Re: sem.c multithreading

Manfred Spraul (manfreds@colorfullife.com)
Tue, 02 Nov 1999 16:37:45 +0100


Christoph Rohland wrote:
>
> As I said I am working on making SEMMNI, SEMMSL and SEMMNS
> sysctlable. This leads to allocating the array via kmalloc and also
> possibly having a really big array.
>
I found a document on IBM's web site, and AFAICS they recommend:
* MSGMNI: memory dependant, for 512MB+: 256.
* MSGMAX 65535
* SEMMNI: memory dependant, for 512MB+: 1024.
* SEMMSL: nothing is said, but it seems only 2? (since SEMMNS usually =
SEMMSL*SEMMNI)
* SEMOPL: nothing is said, but <=SEMMSL.

Unfortunately, I found no infos about > 1 GB memory. Linux 2.4 will
support up to 32 GB memory.
IIRC Oracle only needs a few semaphore arrays, but they are large: they
limit the PROCESSES parameter to SEMMSL, and 512 is far to low.

Could you ask an administrator what the typical requirements of a
high-end DB2/Oracle/Sybase/etc. database are?
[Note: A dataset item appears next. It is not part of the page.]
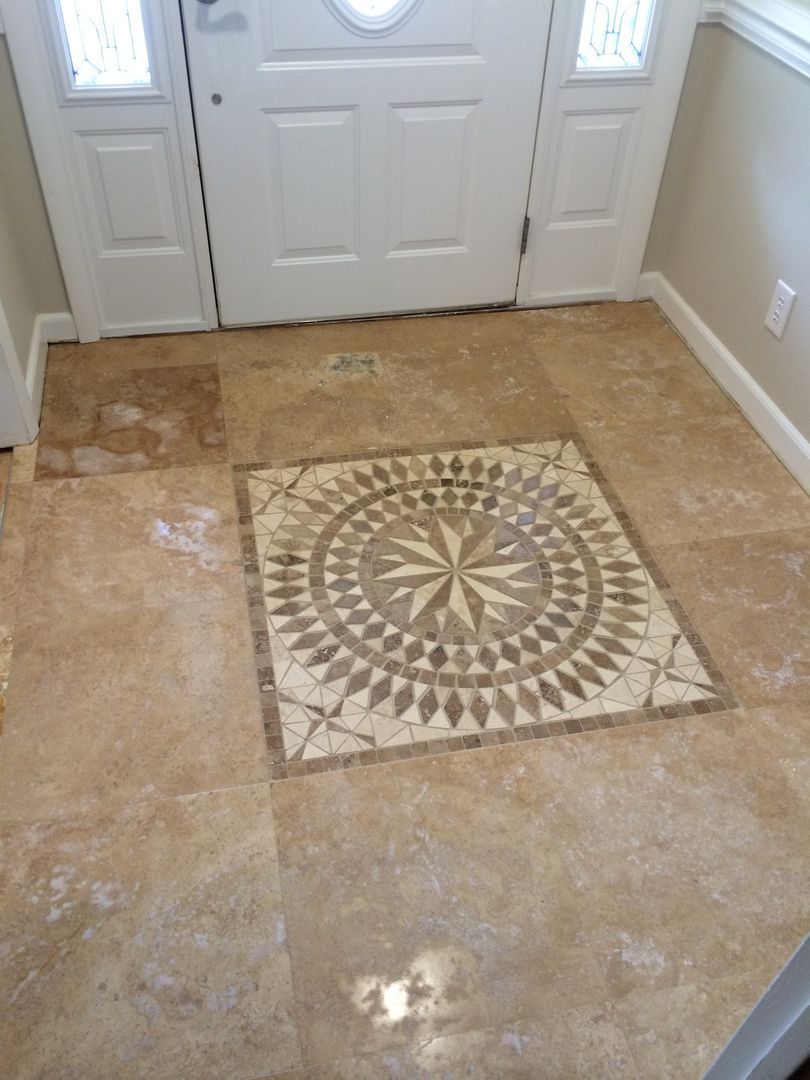Entryway with beige tile floor, decorative mosaic square, and white door.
Could you perhaps post the
output from 'ipcs'?

Which changes are necessary?
a) MSGMAX: add a linked list to 'struct msg_msg'. No locking changes are
required. I'll do that.

b) SEMMSL: there are 3 implementation limits:
* 512: stack usage during GETALL and SETALL (semctl_down() and
semctl_locked_unlock())
* ~700: kmalloc for the semaphore array exceeds PAGE_SIZE
* ~ 2000: kmalloc for the undo structure exceeds PAGE_SIZE.

possible solution:
* use the stack are for small 'sma->nsems', and a dynamic allocation for
large areas. GETALL and SETALL should be rare. eg. do_readv_writev() in
fs/read_write.c does that.
* allocate the memory with vmalloc(), eg alloc_fd_array() in fs/file.c
does that.

c) SEMOPL:
* limit 160 due to stack usage, same solution as for GETALL/SETALL.

d) SEMMNI, MSGMNI:
The current implementation has a hard limit of 32767, but it's easy to
increase that to MAX_INT. The problem is that you cannot change it at
run time (locking problem!).
I think there are only 3 options:
1) the values can be set at boot-time with a command-line parameter, but
it cannot be changed at runtime.
2) We remove the per-id spinlocks and use one global spinlock.
3) We add an additional rw-lock, everyone must grab that lock shared,
the sysctl grabs it exclusive.

I would prefer 1), what do you think?

I think you have already written a patch, could you post it?